I risultati dell’analisi PFS primaria nella popolazione PD-L1-positiva hanno dimostrato una PFS mediana clinicamente significativa di 7,5 mesi con atezolizumab/nab-paclitaxel e di 5 mesi con chemioterapia (HR, 0.62; 95% CI, 0.49-0.78; P <.0001). Inoltre, i tassi di PFS a un anno erano rispettivamente del 29% (95% CI, 22%-36%) e 16% (95% CI, 11%-22%) con atezolizumab/nab-paclitaxel e nab-paclitaxel.
Nella popolazione ITT, la PFS mediana con atezolizumab/nab-paclitaxel e nab-paclitaxel era di 7,2 mesi (95% CI, 5.6-7.5) e 5.5 mesi (95% CI, 5.3-5.6), rispettivamente (HR, 0.80; 95% CI, 0.69-0.92; P = 0,0025). Inoltre, i tassi di PFS a 1 anno erano del 24% (95% CI, 20%-28%) nel braccio combinato e del 18% (95% CI, 14%-21%) nel braccio nab-paclitaxel.
Alla seconda analisi intermedia, atezolizumab e nab-paclitaxel hanno mostrato un miglioramento clinicamente significativo della sopravvivenza globale (OS) di sette mesi rispetto al placebo e nab-paclitaxel nella popolazione PD-L1-positiva (OS mediana=25.0 vs 18.0 mesi; HR=0.71, 95% CI: 0.54 -0.93).

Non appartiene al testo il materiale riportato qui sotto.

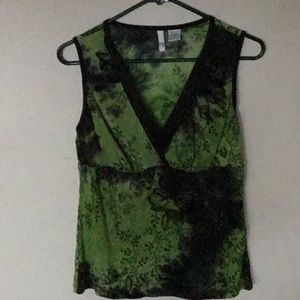 Sami Jo Sleeveless top size small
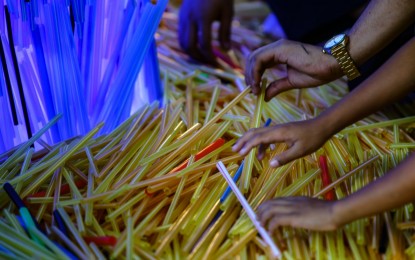 Plastic straws by JBondoc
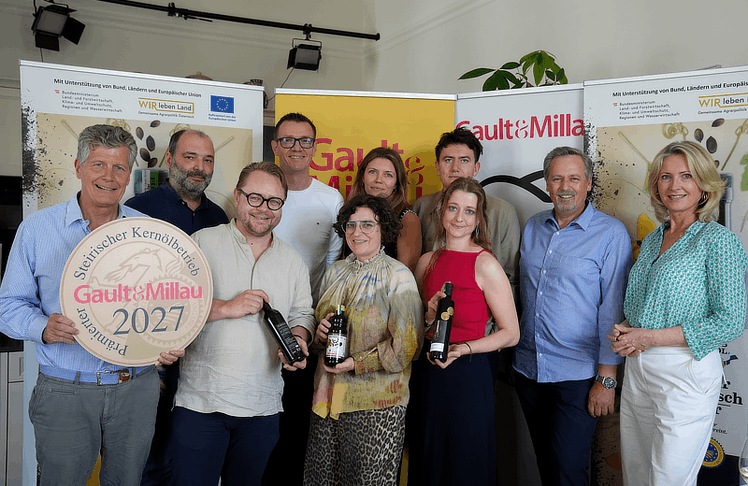 V.l.n.r.: Karl Hohenlohe, Werner Pichlmaier, Andreas Krainer, Silvio Nickol, Stefanie Herkner, Elena Kubiena, Franziska Ettmeier, Jonathan Wittenbrink, Reinhold Zötsch und Martina Hohenlohe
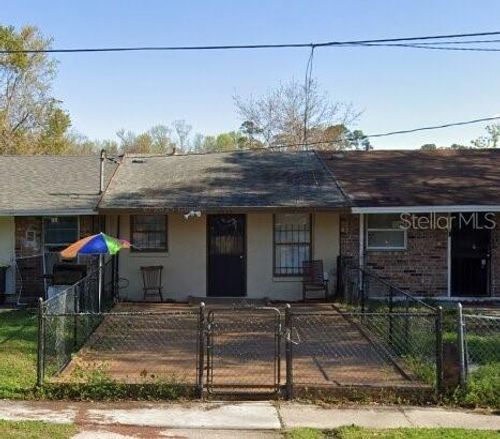 4655 Ken Knight Dr N, JACKSONVILLE, FL, 32209-1217 | Card Image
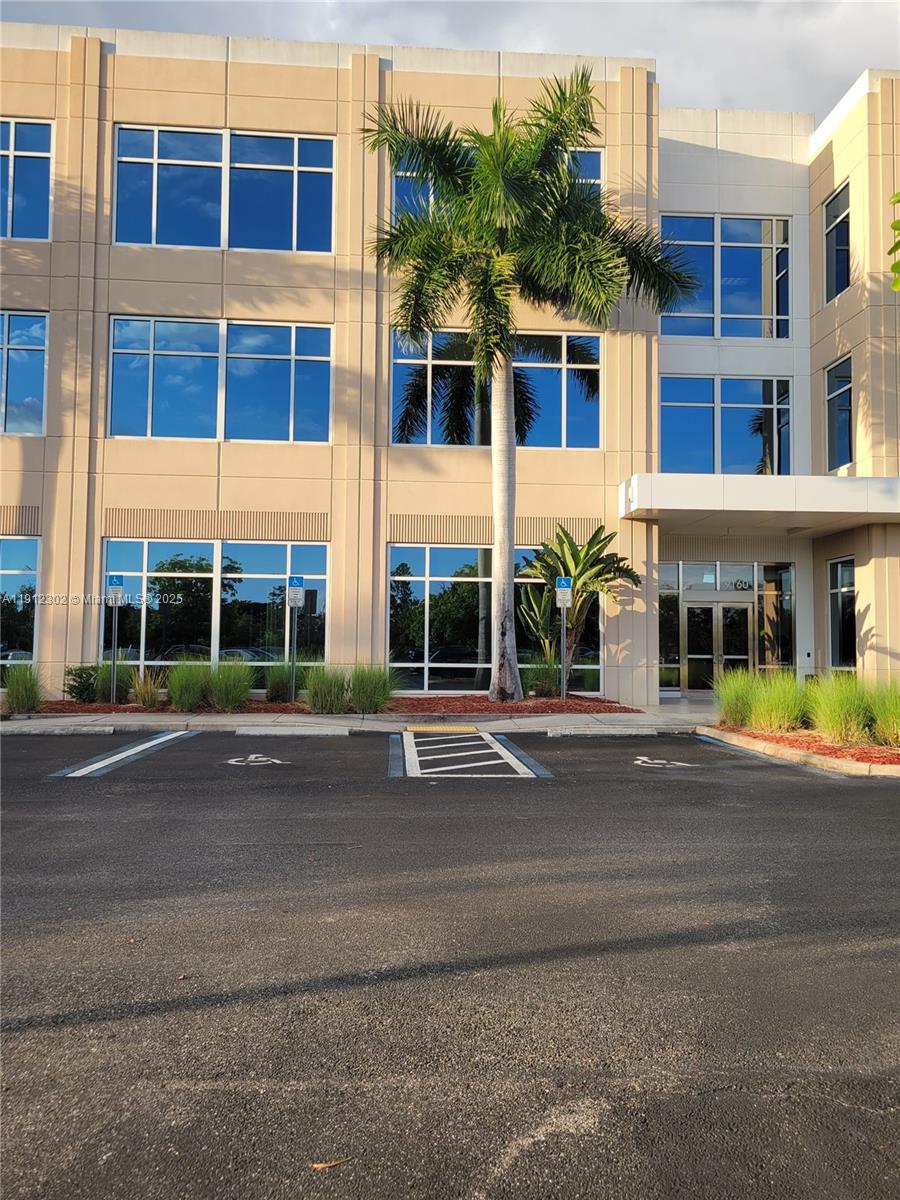 1ad5be0d-976 9160 Forum Corporate Parkway, Fort Myers FL 33905 — #A11912302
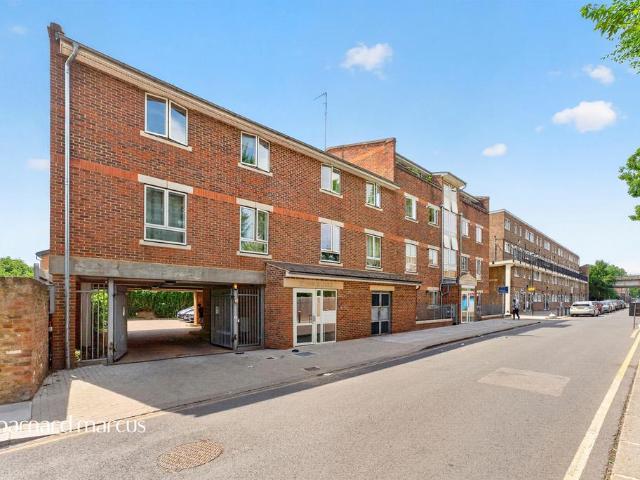 Flat for sale in Greater London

I risultati della OS nella popolazione PD-L1-positiva non sono stati formalmente testati a causa del disegno gerarchico dello studio in quanto la significatività statistica non è stata soddisfatta per la OS nella popolazione intention to treat (ITT) (mediana OS=21.0 vs 18.7 mesi; HR=0.86, 95% CI: 0.72-1.02, p=0.078).
Per essere idonei all’arruolamento, le pazienti dovevano aver avuto un TNBC metastatico o inoperabile localmente avanzato senza una precedente terapia per la loro malattia avanzata con un ECOG performance status di 0 o 1. La chemioterapia preventiva in ambiente curativo, compresi i taxani, era consentita se l’intervallo libero da trattamento era più lungo di 12 mesi.
Per quanto riguarda la sicurezza, la maggior parte degli eventi avversi di tutti i gradi (EA) erano simili tra i due bracci. I più comuni AE di grado 3/4 con atezolizumab/nab-paclitaxel e nab-paclitaxel erano rispettivamente neutropenia (8% vs 8%), diminuzione della conta dei neutrofili (5% vs 3%), neuropatia periferica (6% vs 3%), affaticamento (4% vs 3%) e anemia (3% vs 3%).